----- Excerpted data

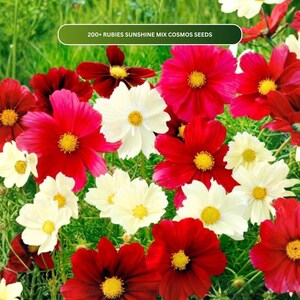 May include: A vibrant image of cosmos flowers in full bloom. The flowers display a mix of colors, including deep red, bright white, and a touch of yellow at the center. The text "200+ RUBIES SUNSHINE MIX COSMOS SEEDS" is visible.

----------
----- Excerpted data

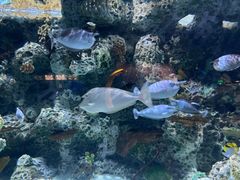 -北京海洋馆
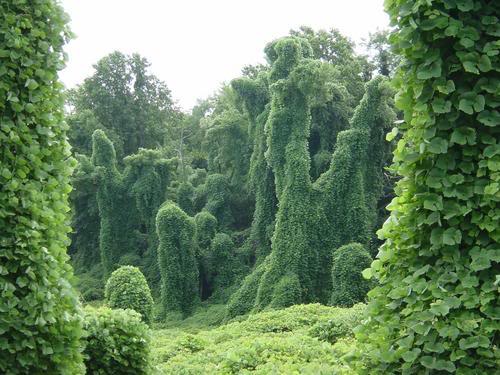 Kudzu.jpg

----------
----- Excerpted data

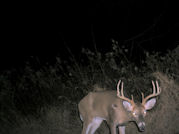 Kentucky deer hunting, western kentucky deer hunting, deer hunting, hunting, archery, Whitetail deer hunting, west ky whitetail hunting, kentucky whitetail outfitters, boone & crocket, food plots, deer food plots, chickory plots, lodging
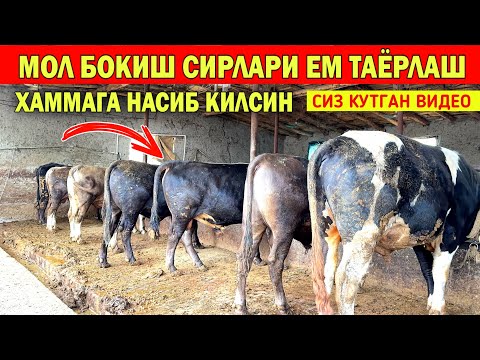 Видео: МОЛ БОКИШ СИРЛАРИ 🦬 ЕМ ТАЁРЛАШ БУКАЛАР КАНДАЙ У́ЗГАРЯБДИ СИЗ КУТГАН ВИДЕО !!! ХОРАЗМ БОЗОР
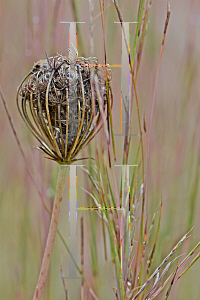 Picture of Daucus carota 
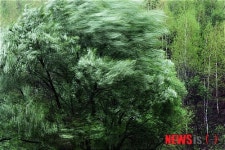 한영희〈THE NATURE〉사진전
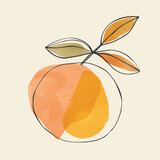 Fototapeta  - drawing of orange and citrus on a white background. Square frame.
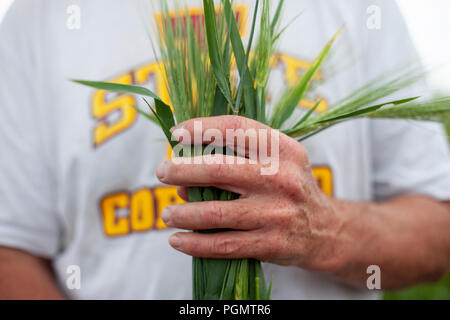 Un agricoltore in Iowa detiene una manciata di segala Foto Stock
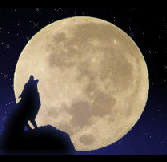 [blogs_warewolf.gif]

----------

→ **Work instruction**
With pictures omitted, repeat the entries above word for word from the line holding "Kentucky deer hunting, western" down to the line holding "[blogs_warewolf.gif]", keeping both of those lines.

→ **Task result**
 Kentucky deer hunting, western kentucky deer hunting, deer hunting, hunting, archery, Whitetail deer hunting, west ky whitetail hunting, kentucky whitetail outfitters, boone & crocket, food plots, deer food plots, chickory plots, lodging
 Видео: МОЛ БОКИШ СИРЛАРИ 🦬 ЕМ ТАЁРЛАШ БУКАЛАР КАНДАЙ У́ЗГАРЯБДИ СИЗ КУТГАН ВИДЕО !!! ХОРАЗМ БОЗОР
 Picture of Daucus carota 
 한영희〈THE NATURE〉사진전
 Fototapeta  - drawing of orange and citrus on a white background. Square frame.
 Un agricoltore in Iowa detiene una manciata di segala Foto Stock
 [blogs_warewolf.gif]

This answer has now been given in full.